Endocrine and Metabolic Science (Mar 2024)
Congenital hypopituitarism in familial Turner syndrome cases caused by a highly prevalent PROP1 gene mutation in Tunisia
Abstract
Background: Turner syndrome (TS) is a genetic disorder found only in females who are completely or partially missing an X chromosome. It is rarely inherited from parent to offspring and is not reported to be associated with any causal gene. In addition, familial forms are less frequent than sporadic ones.
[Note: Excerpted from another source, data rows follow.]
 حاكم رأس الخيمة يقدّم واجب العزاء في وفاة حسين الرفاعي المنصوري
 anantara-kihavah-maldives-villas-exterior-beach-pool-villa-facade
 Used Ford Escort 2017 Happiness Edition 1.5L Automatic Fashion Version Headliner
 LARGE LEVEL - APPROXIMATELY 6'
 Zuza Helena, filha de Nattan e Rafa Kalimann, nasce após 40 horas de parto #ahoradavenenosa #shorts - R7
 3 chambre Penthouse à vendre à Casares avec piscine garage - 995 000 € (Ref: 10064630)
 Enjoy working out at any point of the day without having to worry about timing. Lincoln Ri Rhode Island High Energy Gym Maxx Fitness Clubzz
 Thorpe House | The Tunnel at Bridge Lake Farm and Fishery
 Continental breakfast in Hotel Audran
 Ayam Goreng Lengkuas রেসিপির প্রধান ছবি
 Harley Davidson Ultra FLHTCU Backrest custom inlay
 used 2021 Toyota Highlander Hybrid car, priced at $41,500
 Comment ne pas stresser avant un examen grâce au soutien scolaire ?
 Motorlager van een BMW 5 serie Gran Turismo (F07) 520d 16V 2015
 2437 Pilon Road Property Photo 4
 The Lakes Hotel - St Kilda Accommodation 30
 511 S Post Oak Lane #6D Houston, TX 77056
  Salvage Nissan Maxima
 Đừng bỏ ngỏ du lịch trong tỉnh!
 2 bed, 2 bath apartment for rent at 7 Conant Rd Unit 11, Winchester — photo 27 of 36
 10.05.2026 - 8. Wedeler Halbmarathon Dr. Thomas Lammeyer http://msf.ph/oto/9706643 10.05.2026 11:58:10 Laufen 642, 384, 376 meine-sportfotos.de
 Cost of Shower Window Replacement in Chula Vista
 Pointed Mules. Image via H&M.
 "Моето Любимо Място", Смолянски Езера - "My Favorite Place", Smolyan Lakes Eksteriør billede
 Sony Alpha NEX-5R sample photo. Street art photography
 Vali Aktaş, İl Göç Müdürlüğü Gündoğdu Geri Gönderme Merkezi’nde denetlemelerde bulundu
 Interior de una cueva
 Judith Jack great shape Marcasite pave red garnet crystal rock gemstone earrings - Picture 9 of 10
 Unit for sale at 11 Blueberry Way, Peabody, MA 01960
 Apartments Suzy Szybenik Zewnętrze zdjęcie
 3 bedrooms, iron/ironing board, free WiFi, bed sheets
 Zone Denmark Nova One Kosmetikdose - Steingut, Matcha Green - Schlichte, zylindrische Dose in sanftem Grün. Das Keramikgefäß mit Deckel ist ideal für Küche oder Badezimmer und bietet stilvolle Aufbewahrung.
A Tunisian family with four girls affected by TS showed an unusual association with congenital hypopituitarism among three of them. Objectives: Conduct a genetic investigation by exploring the PROP1 gene genomic sequence to identify a possible causal variant explaining the simultaneous presence of the TS and the congenital hypopituitarism in the family. Methods: The coding regions of the gene and their flanking introns are Sanger sequenced among four sisters and their mother and compared to the reference sequences. Results: Sequences analysis showed the presence of the PROP1 gene mutation p.Arg73Cys (rs121917843), the most frequent Maghrebian defect responsible for non-syndromic combined pituitary hormone deficiency. The girls with both TS and congenital hypopituitarism were homozygous. However, the sister who was affected by TS only and their healthy mother were heterozygous. Conclusion: Our findings showed that the uncommon association between TS and congenital hypopituitarism is a random event caused by the high frequency of the PROP1 p.Arg73Cys mutation and the high level of consanguinity in the Tunisian population.